**WORK REQUIRED:**
Looking at the data below, how many lines include the word "Tommy"? Respond with the number only.

(Collected data)
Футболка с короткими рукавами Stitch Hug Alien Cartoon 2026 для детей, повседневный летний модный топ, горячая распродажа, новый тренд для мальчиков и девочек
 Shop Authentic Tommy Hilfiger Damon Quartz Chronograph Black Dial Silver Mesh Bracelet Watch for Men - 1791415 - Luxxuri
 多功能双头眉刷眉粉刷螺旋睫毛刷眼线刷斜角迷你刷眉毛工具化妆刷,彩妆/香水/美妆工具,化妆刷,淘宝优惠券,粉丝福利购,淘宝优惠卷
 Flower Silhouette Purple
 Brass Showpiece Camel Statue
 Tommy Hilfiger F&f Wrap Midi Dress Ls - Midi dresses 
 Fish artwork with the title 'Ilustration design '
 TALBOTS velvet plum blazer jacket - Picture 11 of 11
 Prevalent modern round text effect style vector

**WRITTEN REPLY:**
2